• _THE PROBLEM_
Return all the entries exactly, keeping pictures out.

• _INPUT DATA_
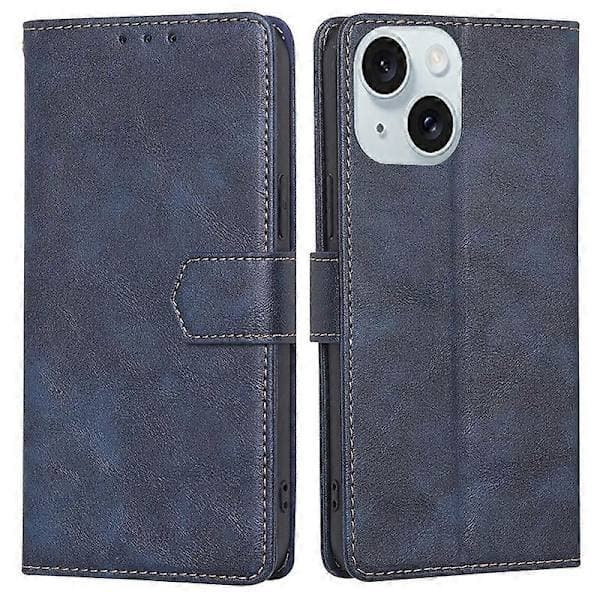 Magnetisk etui PU læderpung etui med stander til iPhone 15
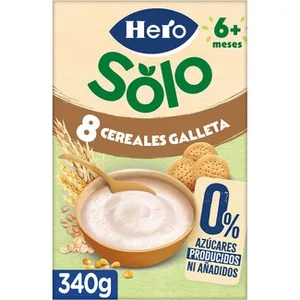 Papilla de 8 Cereales con Galleta 0% Azúcares Producidos ni Añadidos desde 6 Meses Hero Solo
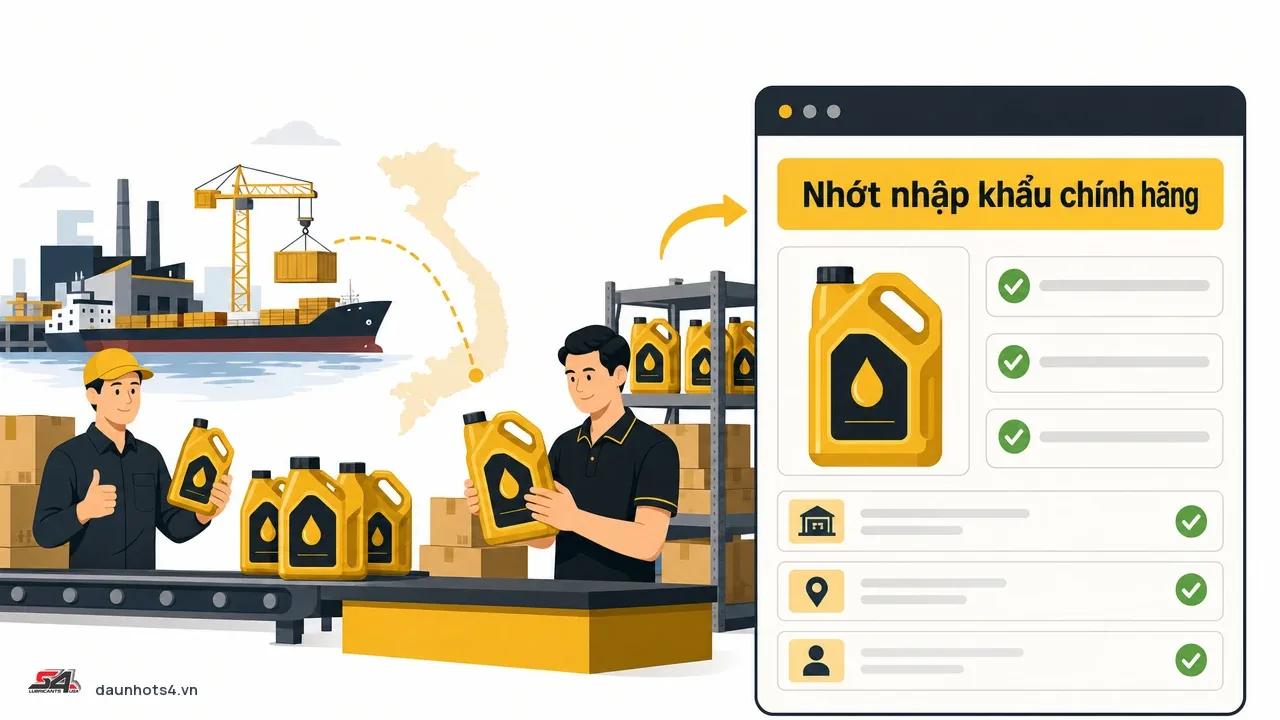 Nhớt nhập khẩu chính hãng là gì, vì sao giá không cố định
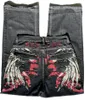 Meno Jeans Street Gothic Modèle Gothic Broidery Ligne étendue Men Femmes Y2K HARAJUKU Pantalon Hip Hop Occasionnel Pantalon Unisexe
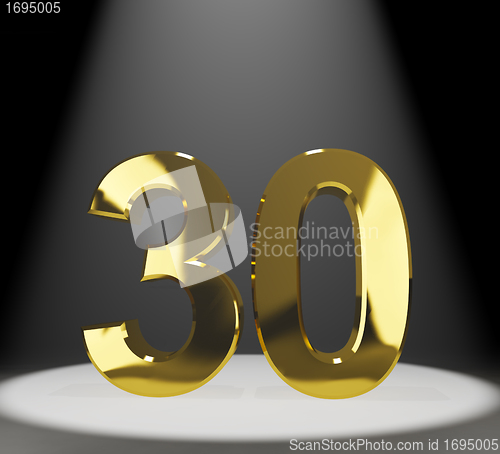 Image of Gold 30th Or Thirty 3d Number Closeup Representing Anniversary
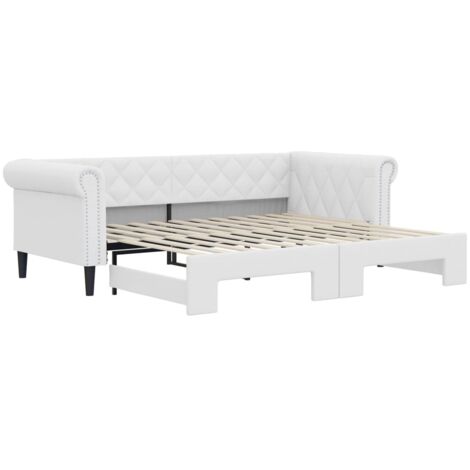 Lit simple，Lit adulte，Lit de jour avec gigogne sans matelas blanc 90x200 cm CFW610366
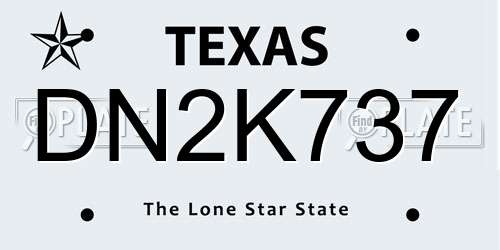 DN2K737 Texas License Plate
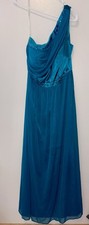 RSVP Teal Trishelle Satin Stoned One Shoulder Prom Party Wedding Gown NWT 14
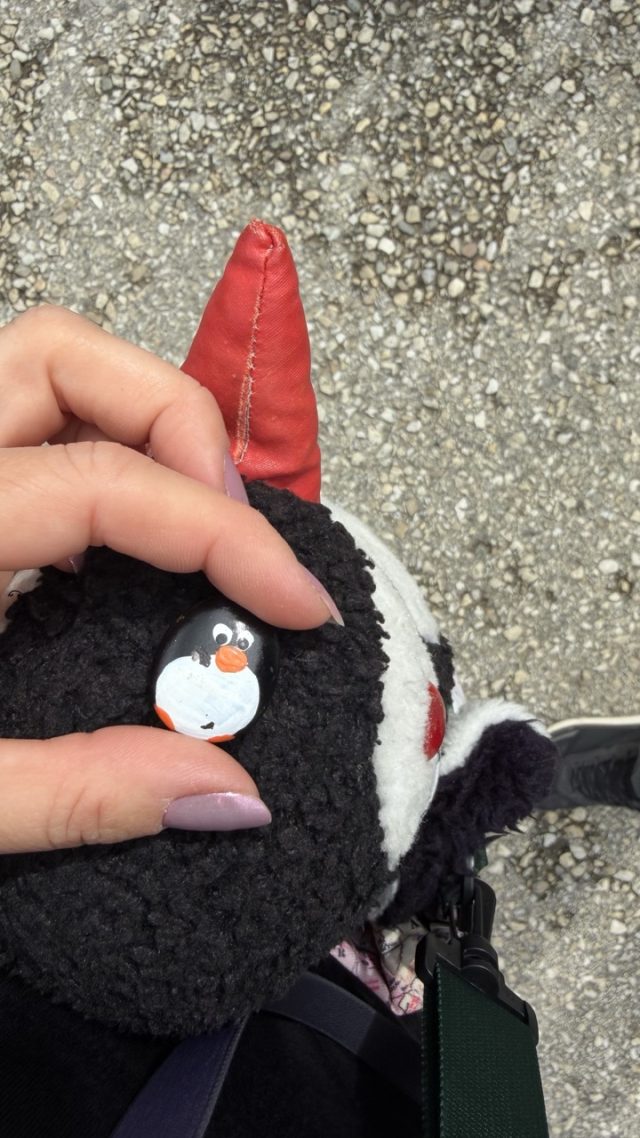 Hand-painted penguin stone #1179 hidden at Entrance Gate, Macedonian Village, North Macedonia (photo 2 of 4)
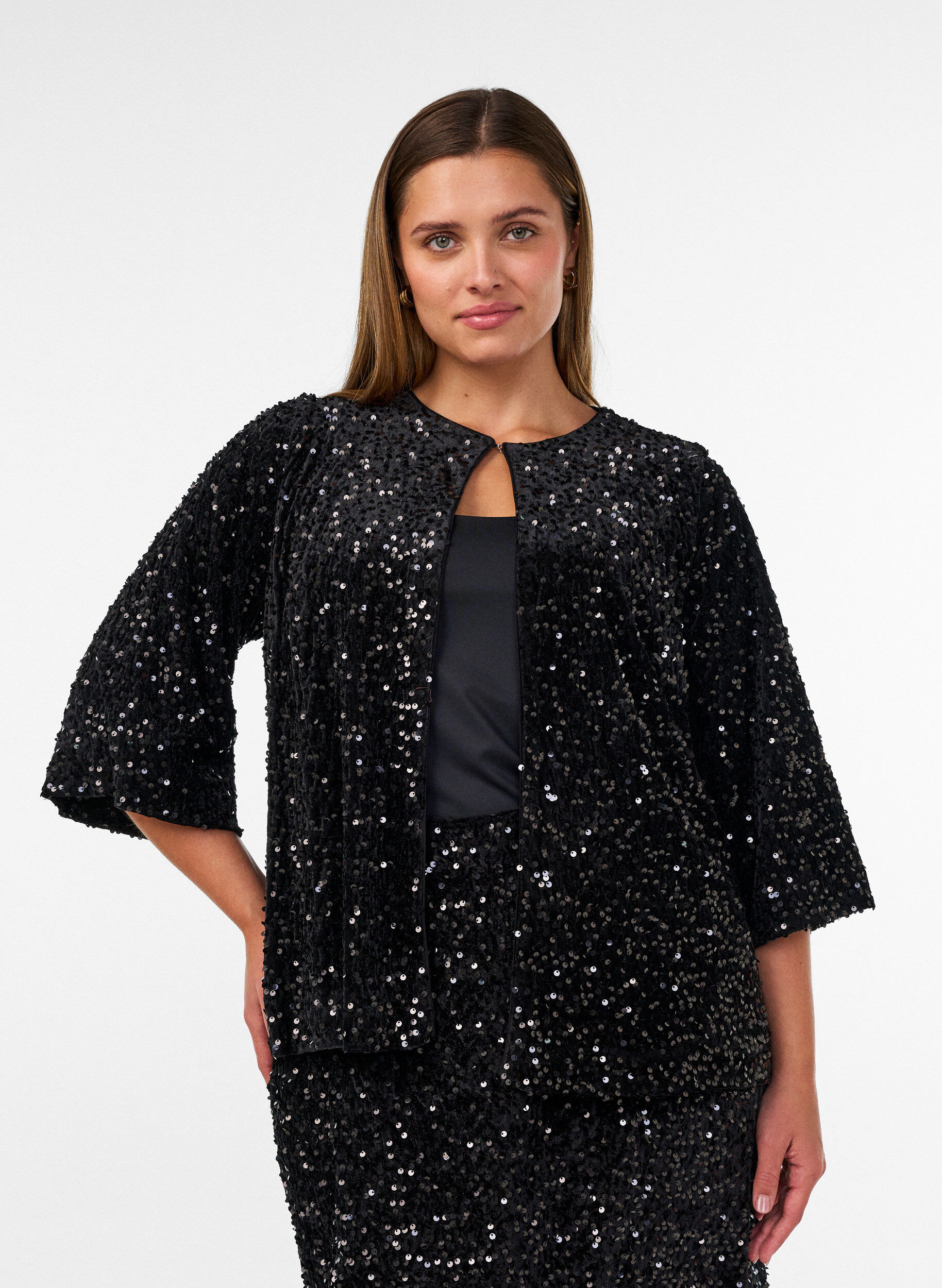ZizzifashionCardigan with sequins and 3/4 sleeves, Black, Model image number 0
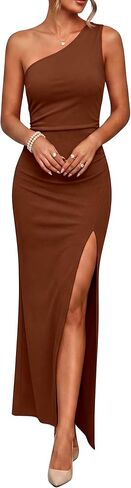 Caracilia Womens Summer One Shoulder Formal Dress Bodycon Ruched High Split Wedding Guest Cocktail Party Maxi Dresses in Kuwait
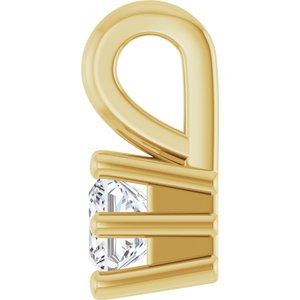10K Yellow Gold 3 mm Square Charm/Pendant Mounting – image 5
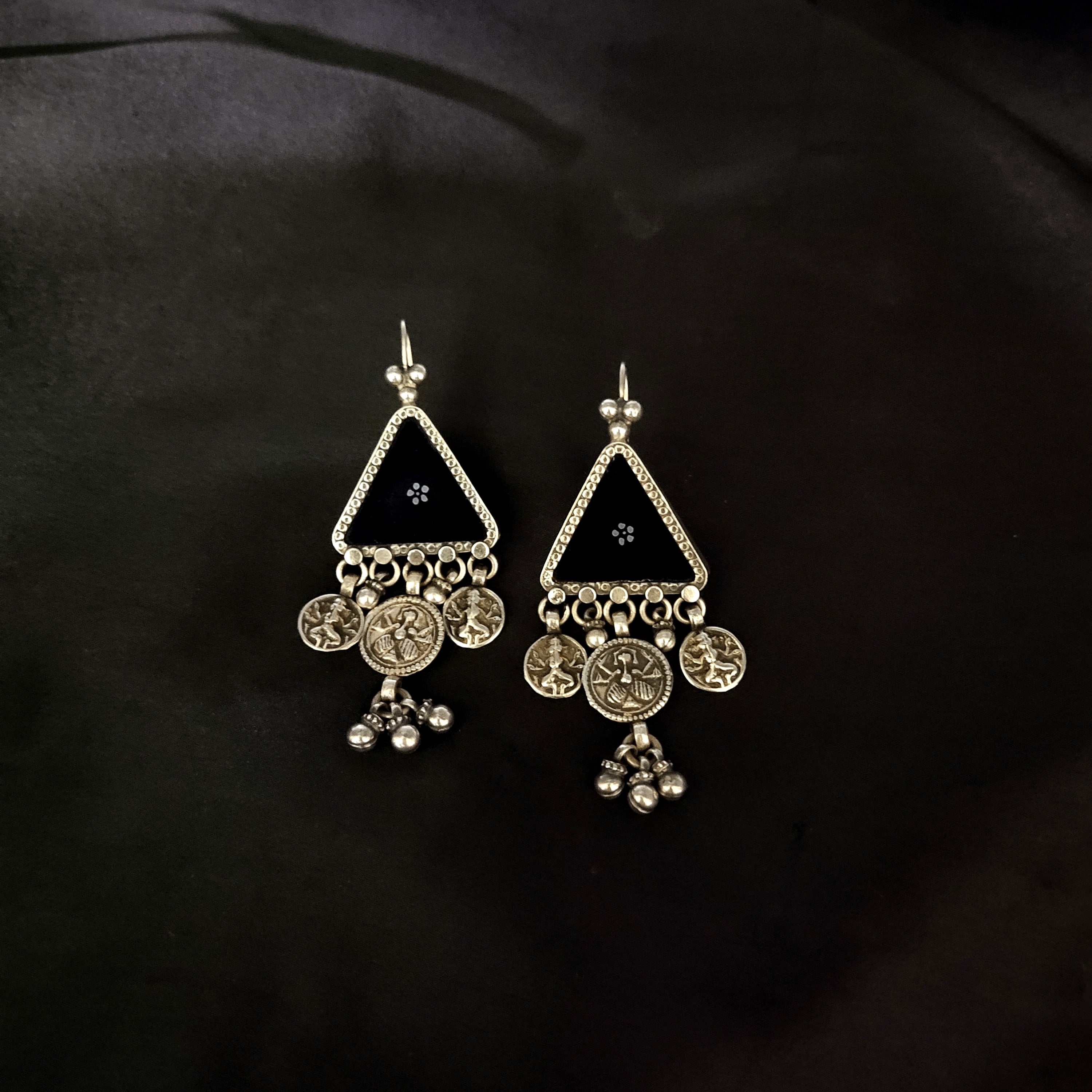 Solid Triangle With Triple Old Devi Maa Print Pure 925 Silver Earring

• _YOUR RESPONSE_
 Magnetisk etui PU læderpung etui med stander til iPhone 15
 Papilla de 8 Cereales con Galleta 0% Azúcares Producidos ni Añadidos desde 6 Meses Hero Solo
 Nhớt nhập khẩu chính hãng là gì, vì sao giá không cố định
 Meno Jeans Street Gothic Modèle Gothic Broidery Ligne étendue Men Femmes Y2K HARAJUKU Pantalon Hip Hop Occasionnel Pantalon Unisexe
 Image of Gold 30th Or Thirty 3d Number Closeup Representing Anniversary
 Lit simple，Lit adulte，Lit de jour avec gigogne sans matelas blanc 90x200 cm CFW610366
 DN2K737 Texas License Plate
 RSVP Teal Trishelle Satin Stoned One Shoulder Prom Party Wedding Gown NWT 14
 Hand-painted penguin stone #1179 hidden at Entrance Gate, Macedonian Village, North Macedonia (photo 2 of 4)
ZizzifashionCardigan with sequins and 3/4 sleeves, Black, Model image number 0
 Caracilia Womens Summer One Shoulder Formal Dress Bodycon Ruched High Split Wedding Guest Cocktail Party Maxi Dresses in Kuwait
10K Yellow Gold 3 mm Square Charm/Pendant Mounting – image 5
 Solid Triangle With Triple Old Devi Maa Print Pure 925 Silver Earring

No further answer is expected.